Task requirements: Repeat every record exactly, but keep images out of the copy.

-------- Extracted records --------

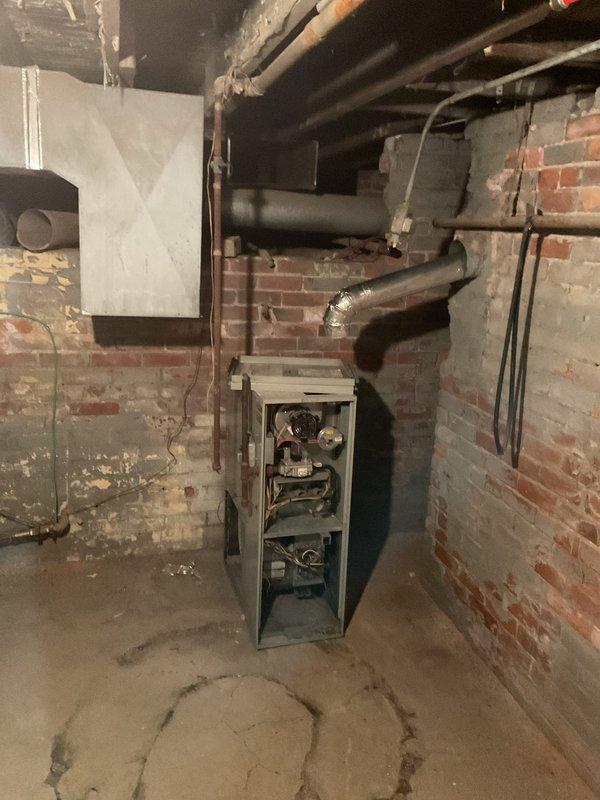 Performed comprehensive assessment of two aging furnaces located in basement utility area with exposed brick walls and deteriorating infrastructure. Evaluation revealed outdated units with accessible internal components requiring complete replacement. Documented existing ductwork configuration, including rectangular sheet metal junction and connecting pipes, to ensure proper sizing and compatibility with replacement systems.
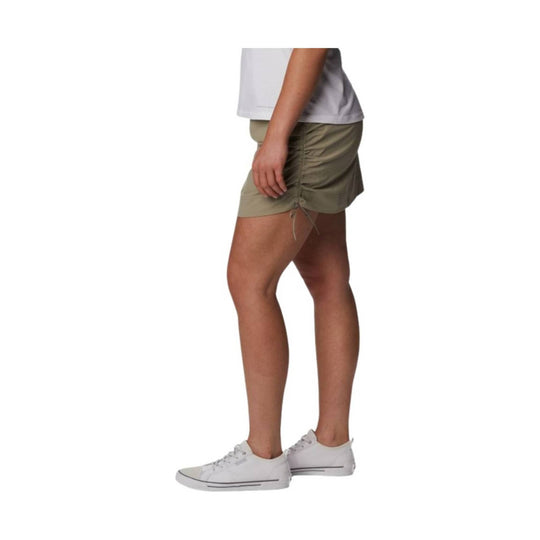 Olive drawstring skort shown on a model with white low-top sneakers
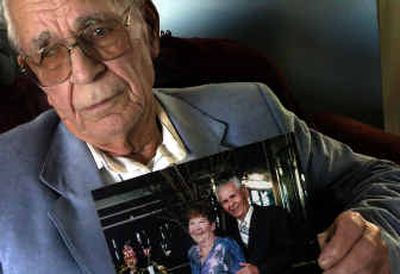 Bill Schmidt holds a picture of him and his wife, Florence, on their 50th anniversary in the Caribbean. Florence died in 2002 from a stroke. Schmidt filed suit against the drug manufacturer of Vioxx, a medication for arthritis that may have caused her death.
(Jed Conklin / The Spokesman-Review)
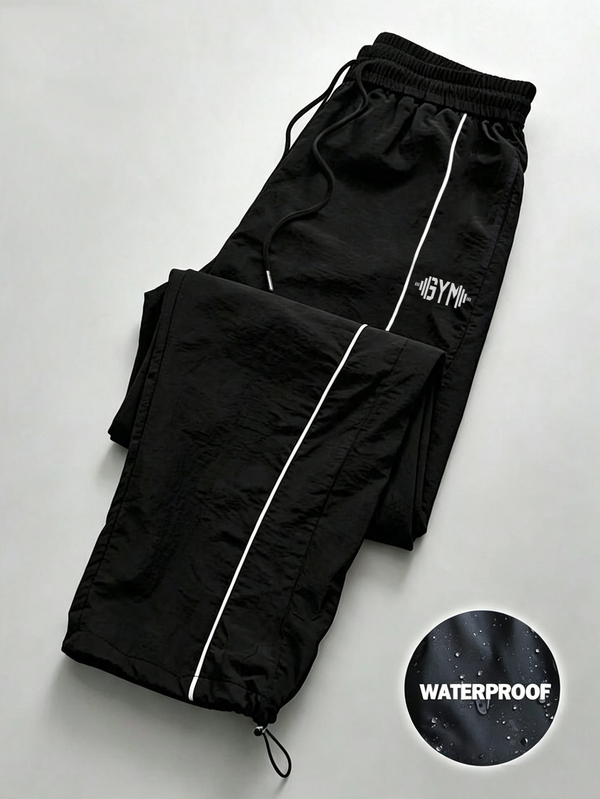 Coreblaze Pantalones largos deportivos de corte holgado con cintura de cordón y estampado de letras para hombre
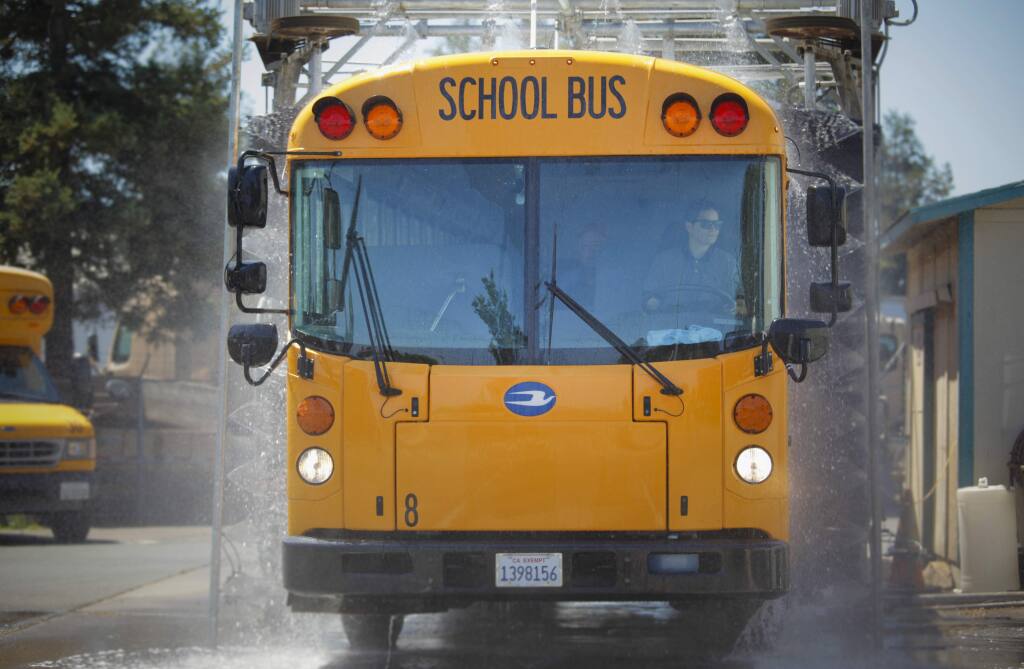 A Petaluma City Schools bus runs through the wash in this August 2019 Argus-Courier file photo. (CRISSY PASCUAL/ARGUS-COURIER STAFF)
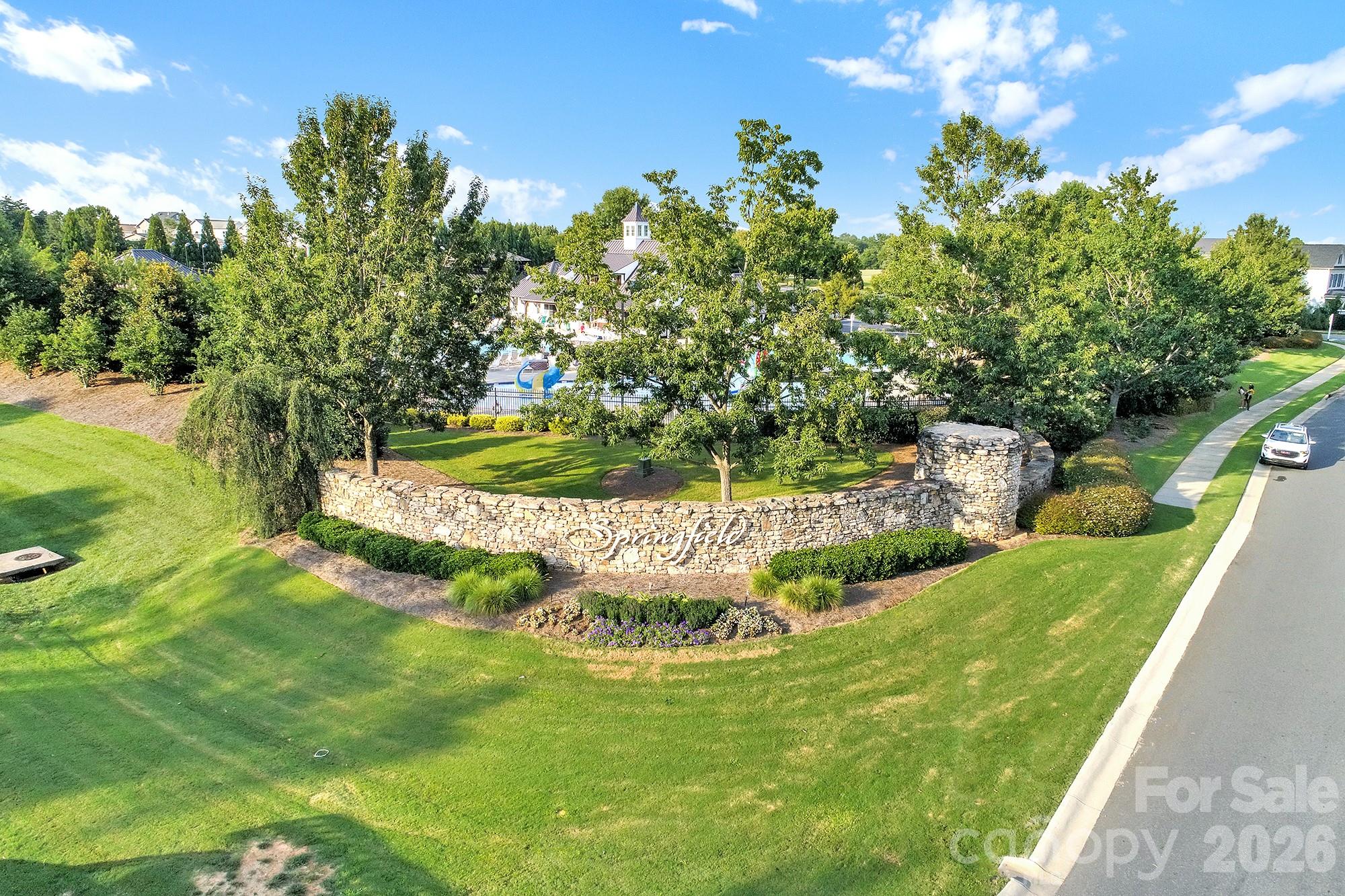 2112 Tatton Hall Road Fort Mill, SC 29715 - Photo 46 of 46 a view of a garden with a fountain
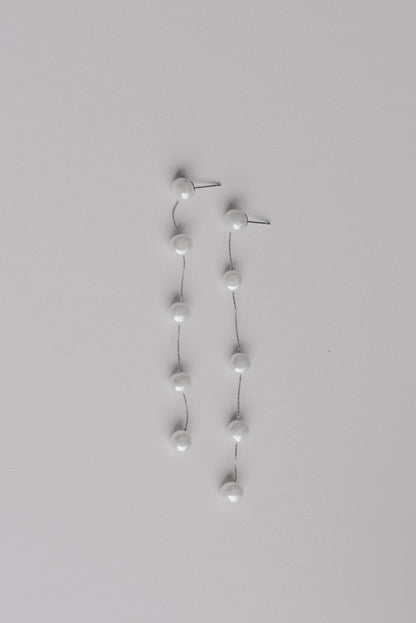 Silver string of 5 fresh water pearl earrings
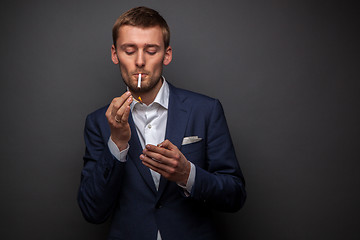 Image showing portrait of handsome businessman with cigarette on black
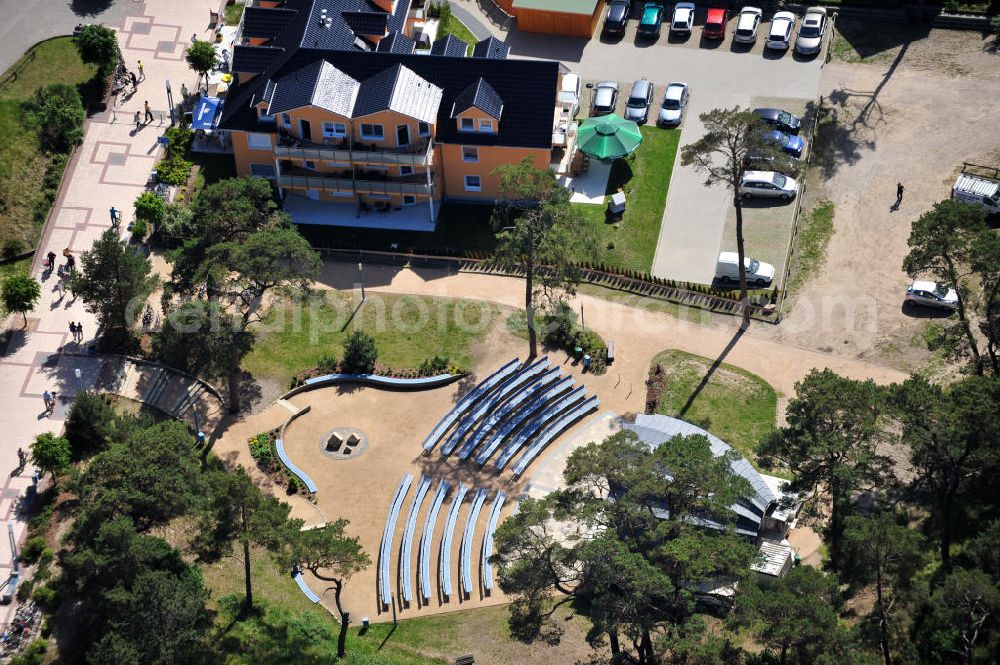 Aerial photograph Trassenheide - View at the stage Kurmuschel in the colony of the sea resort Trassenheide. Beside is the Haus zur Düne with its apartments that are partially hired for holiday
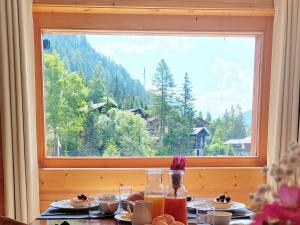 a table with a view of a mountain through a window at Apartment Les Mayens 3-2 by Interhome in Champex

--------

Written response:
 Performed comprehensive assessment of two aging furnaces located in basement utility area with exposed brick walls and deteriorating infrastructure. Evaluation revealed outdated units with accessible internal components requiring complete replacement. Documented existing ductwork configuration, including rectangular sheet metal junction and connecting pipes, to ensure proper sizing and compatibility with replacement systems.
 Olive drawstring skort shown on a model with white low-top sneakers
 Bill Schmidt holds a picture of him and his wife, Florence, on their 50th anniversary in the Caribbean. Florence died in 2002 from a stroke. Schmidt filed suit against the drug manufacturer of Vioxx, a medication for arthritis that may have caused her death.
(Jed Conklin / The Spokesman-Review)
 Coreblaze Pantalones largos deportivos de corte holgado con cintura de cordón y estampado de letras para hombre
 A Petaluma City Schools bus runs through the wash in this August 2019 Argus-Courier file photo. (CRISSY PASCUAL/ARGUS-COURIER STAFF)
 2112 Tatton Hall Road Fort Mill, SC 29715 - Photo 46 of 46 a view of a garden with a fountain
 Silver string of 5 fresh water pearl earrings
 Image showing portrait of handsome businessman with cigarette on black
 Aerial photograph Trassenheide - View at the stage Kurmuschel in the colony of the sea resort Trassenheide. Beside is the Haus zur Düne with its apartments that are partially hired for holiday
 a table with a view of a mountain through a window at Apartment Les Mayens 3-2 by Interhome in Champex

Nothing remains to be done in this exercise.